In the pic the text is slightly cut off, looks like i zoomed a few pixels by accident. Still, a touch of padding would improve it imo :)

Most of them would have benefited from a few lines of CSS that wouldn't have pushed them over 10KB!
I thought, for sure, I was squarely in this club with my MD files hosted on GitHub. Then, I looked at point #1. 25kB transferred. Wut?

It looks like GitHub includes normalize.css, which is 12kB all by itself. Damn it.

Next I looked at the css framework I built and use for all my sites. I know it's only about 2.5k, but I have a screenshot. 114kB transferred. Damn it.

I'm not in this club even though I try to be tiny.

What if you just link to the raw files? Wouldnt look like nice HTML but could be insanely smaller.
> It looks like GitHub includes normalize.css

What?

> I know it's only about 2.5k, but I have a screenshot. 114kB transferred.

What?

Okay, let me explain…

I publish only markdown files to GitHub starting with index.md. Behind the scenes GitHub does some Jekyll stuff that I don’t think much about. Whatever they use as a default theme includes a normalize.css file.

On the second point, I maintain a little css project I use for a lot of my other projects. It’s called Neat and it’s at https://neat.joeldare.com. It is only 2.5k of css, if you download and use it, but I have a screenshot in the demo page, which balloons it.

I aspire to have my site on this list one day. But according to their rules, it would need to get 100 upvotes on Hacker News, and that's not realistic.

  5. ... some content from the website must have received at least 100 points on Reddit or Hacker News on at least one occasion ...
I found the instructions on how to measure the total download associated with a page useful.

Agreed: my home page is clocking in at around 2Kb or less but probably not of any interest to anyone outside of my very narrow silo.

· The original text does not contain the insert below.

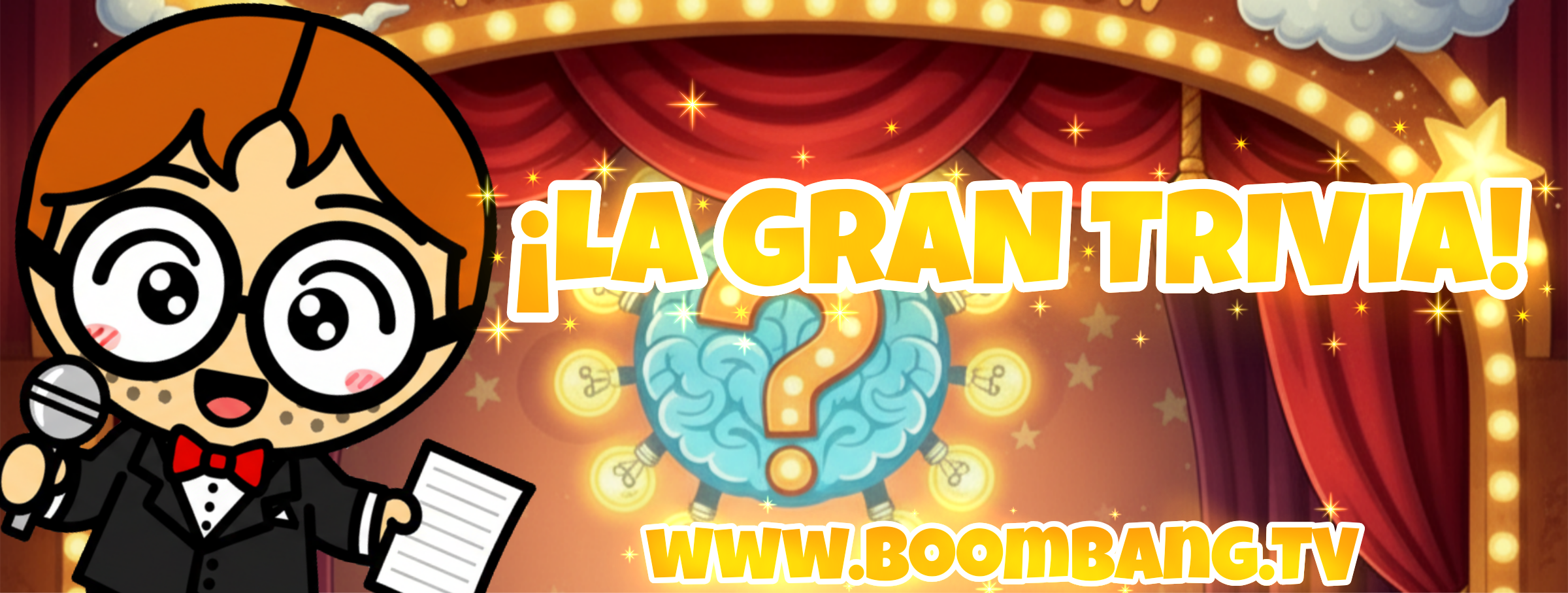 [Evento] ❓Trivia en Discord❓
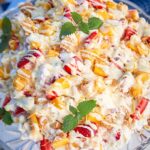 Udupea kook ehk mango-maasika segadus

That website currently weighs 9.50 kB. Hence, it cannot add too many more sites (without removing some other bits) before hitting its own arbitrary size limit.
Not as bad as the website listing websites that do not list themselves.
Couldn't they just add paging?
Also, they could move either the list or the description to a second page
None of those websites are worth visiting. Guess you need more than 10KB to display any value.
But all of them need to have at least one article with 100 upvotes on Hacker News or Reddit, so it's probable at least some of them are worth visiting.

PS I am biased because mine is on there.

What’s the difference between a list and a curated list?
My assumption is that the list was automatically generated and contained many pages that met the aize criteria but were error messages, place holders, or other uninteresting things like a curse word repeating down the page, or worse, tiny POCs for CVEs
It seems like every dev I know has the idea of making a minimalist website. I guess I would much rather see a curated list of beautiful (in some unique way) websites than another 1000 minimalist websites.
To me, search.marginalia.nu returns the best kind of website: hardware-resource-light and information-dense.
My website, http://invece.org, is 5k not compressed. Assuming the linked images don't count.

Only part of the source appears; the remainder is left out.